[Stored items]
☆ ☆ ☆ ☆ ☆
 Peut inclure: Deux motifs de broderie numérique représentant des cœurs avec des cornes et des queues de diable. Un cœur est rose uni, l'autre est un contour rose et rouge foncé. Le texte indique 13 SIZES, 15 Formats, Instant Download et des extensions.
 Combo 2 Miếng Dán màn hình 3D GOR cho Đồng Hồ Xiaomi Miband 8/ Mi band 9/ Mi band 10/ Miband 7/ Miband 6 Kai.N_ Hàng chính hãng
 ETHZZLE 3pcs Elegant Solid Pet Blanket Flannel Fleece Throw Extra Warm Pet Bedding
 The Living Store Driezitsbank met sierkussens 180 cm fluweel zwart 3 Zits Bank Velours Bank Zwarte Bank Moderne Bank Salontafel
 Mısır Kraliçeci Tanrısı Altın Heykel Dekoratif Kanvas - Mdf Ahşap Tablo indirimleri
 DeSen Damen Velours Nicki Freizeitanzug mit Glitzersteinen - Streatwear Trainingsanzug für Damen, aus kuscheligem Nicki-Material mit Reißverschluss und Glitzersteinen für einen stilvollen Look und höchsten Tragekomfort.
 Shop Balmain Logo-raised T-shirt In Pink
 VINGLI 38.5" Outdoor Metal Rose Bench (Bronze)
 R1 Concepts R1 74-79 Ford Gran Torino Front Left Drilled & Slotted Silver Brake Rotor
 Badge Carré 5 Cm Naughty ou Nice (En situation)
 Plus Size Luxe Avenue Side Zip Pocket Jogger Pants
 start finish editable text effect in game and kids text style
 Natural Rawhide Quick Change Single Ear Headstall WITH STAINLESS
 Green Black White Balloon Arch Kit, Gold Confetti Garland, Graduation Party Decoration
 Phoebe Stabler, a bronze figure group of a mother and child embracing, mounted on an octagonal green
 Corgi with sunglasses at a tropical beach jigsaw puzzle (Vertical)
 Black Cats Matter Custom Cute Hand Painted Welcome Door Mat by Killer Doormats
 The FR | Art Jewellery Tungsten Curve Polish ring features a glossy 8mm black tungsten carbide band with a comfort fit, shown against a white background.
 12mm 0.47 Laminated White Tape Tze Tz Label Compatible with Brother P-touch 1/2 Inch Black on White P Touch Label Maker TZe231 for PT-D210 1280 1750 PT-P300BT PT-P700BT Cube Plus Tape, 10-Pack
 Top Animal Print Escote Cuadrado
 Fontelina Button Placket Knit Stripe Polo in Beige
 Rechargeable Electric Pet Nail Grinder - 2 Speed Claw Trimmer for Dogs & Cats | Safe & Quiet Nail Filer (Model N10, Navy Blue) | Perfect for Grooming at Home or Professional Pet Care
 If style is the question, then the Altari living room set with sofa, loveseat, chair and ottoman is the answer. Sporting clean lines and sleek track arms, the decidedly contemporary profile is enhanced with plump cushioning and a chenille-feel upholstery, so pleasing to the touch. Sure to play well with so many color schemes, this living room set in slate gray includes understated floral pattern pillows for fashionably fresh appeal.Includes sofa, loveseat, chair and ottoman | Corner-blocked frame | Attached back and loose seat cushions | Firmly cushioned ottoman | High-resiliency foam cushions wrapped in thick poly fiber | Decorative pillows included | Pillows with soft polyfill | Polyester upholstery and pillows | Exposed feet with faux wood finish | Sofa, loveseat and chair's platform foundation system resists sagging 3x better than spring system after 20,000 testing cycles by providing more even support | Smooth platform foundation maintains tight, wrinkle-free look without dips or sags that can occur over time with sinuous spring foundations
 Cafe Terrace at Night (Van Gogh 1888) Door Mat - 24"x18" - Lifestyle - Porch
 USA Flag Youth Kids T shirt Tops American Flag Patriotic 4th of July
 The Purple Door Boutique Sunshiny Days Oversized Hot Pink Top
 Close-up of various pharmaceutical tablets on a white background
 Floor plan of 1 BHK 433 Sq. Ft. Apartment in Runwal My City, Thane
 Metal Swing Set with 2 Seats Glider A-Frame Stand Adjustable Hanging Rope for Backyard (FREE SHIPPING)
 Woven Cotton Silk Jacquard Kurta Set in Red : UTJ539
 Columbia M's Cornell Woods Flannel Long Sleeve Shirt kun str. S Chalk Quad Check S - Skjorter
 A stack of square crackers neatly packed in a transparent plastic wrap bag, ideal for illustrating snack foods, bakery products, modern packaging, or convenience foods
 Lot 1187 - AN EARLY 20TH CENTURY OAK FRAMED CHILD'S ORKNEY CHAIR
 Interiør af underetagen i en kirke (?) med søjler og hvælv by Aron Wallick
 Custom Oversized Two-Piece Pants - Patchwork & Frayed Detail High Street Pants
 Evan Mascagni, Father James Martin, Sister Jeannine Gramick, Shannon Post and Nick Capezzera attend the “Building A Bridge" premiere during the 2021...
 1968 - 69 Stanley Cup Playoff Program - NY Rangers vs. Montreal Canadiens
☆ ☆ ☆ ☆ ☆
■ **YOUR OBJECTIVE**
What is needed is an exact copy of the lines above, from the one containing "Corgi with sunglasses" through the one containing "The FR | Art", with nothing added.

■ **RESPONSE AREA**
 Corgi with sunglasses at a tropical beach jigsaw puzzle (Vertical)
 Black Cats Matter Custom Cute Hand Painted Welcome Door Mat by Killer Doormats
 The FR | Art Jewellery Tungsten Curve Polish ring features a glossy 8mm black tungsten carbide band with a comfort fit, shown against a white background.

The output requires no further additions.